_Records for the exercise_
======
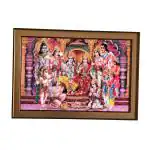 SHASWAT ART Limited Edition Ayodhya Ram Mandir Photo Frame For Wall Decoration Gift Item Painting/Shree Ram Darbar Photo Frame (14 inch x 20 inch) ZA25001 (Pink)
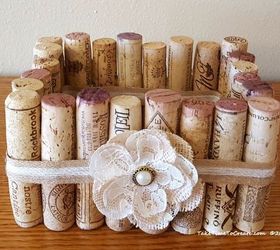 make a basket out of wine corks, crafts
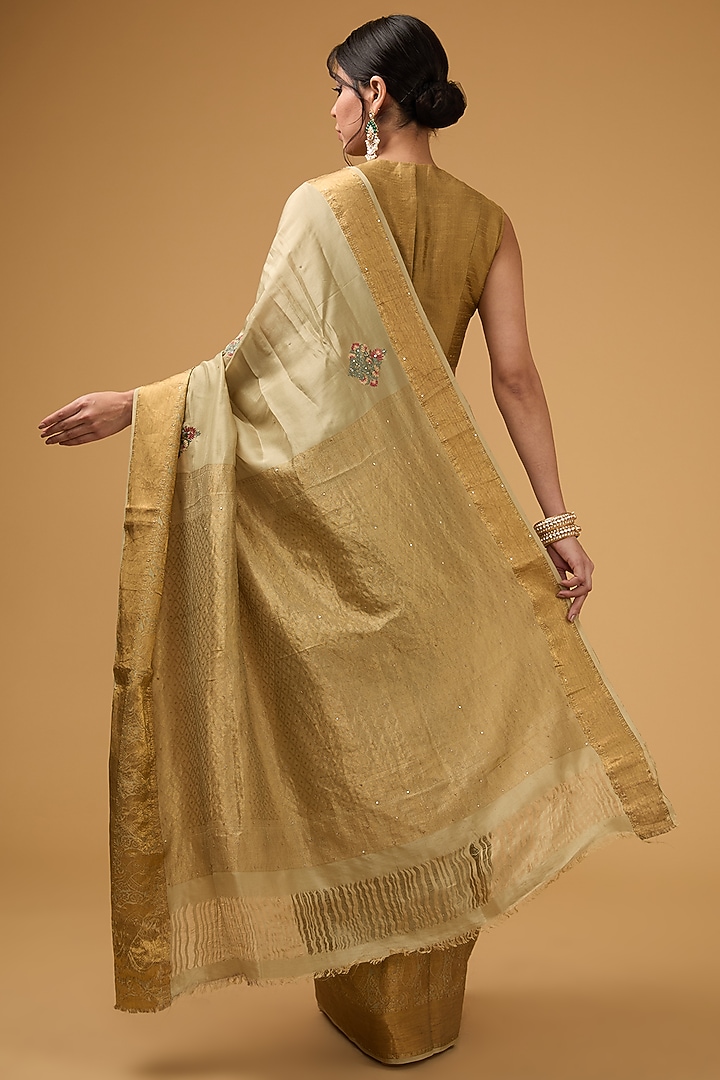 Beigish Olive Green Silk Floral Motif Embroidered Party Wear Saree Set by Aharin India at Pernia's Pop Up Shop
======
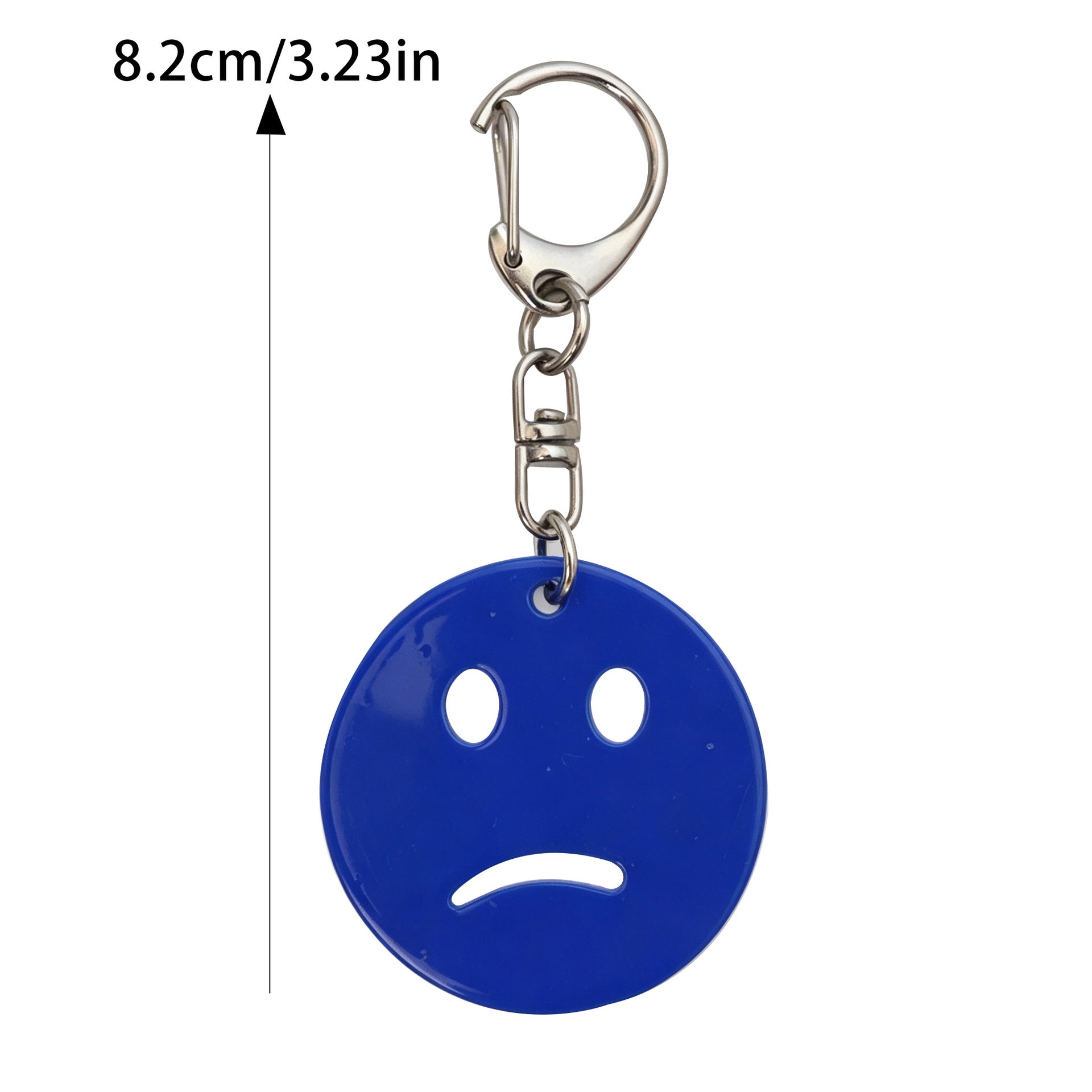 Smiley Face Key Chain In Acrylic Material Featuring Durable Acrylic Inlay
======
_Work to be completed_
Write down exactly what the lines above say, from the line holding "SHASWAT ART Limited" through the line holding "Beigish Olive Green", and nothing more. Do not copy the pictures.

_Task result_
 SHASWAT ART Limited Edition Ayodhya Ram Mandir Photo Frame For Wall Decoration Gift Item Painting/Shree Ram Darbar Photo Frame (14 inch x 20 inch) ZA25001 (Pink)
 make a basket out of wine corks, crafts
 Beigish Olive Green Silk Floral Motif Embroidered Party Wear Saree Set by Aharin India at Pernia's Pop Up Shop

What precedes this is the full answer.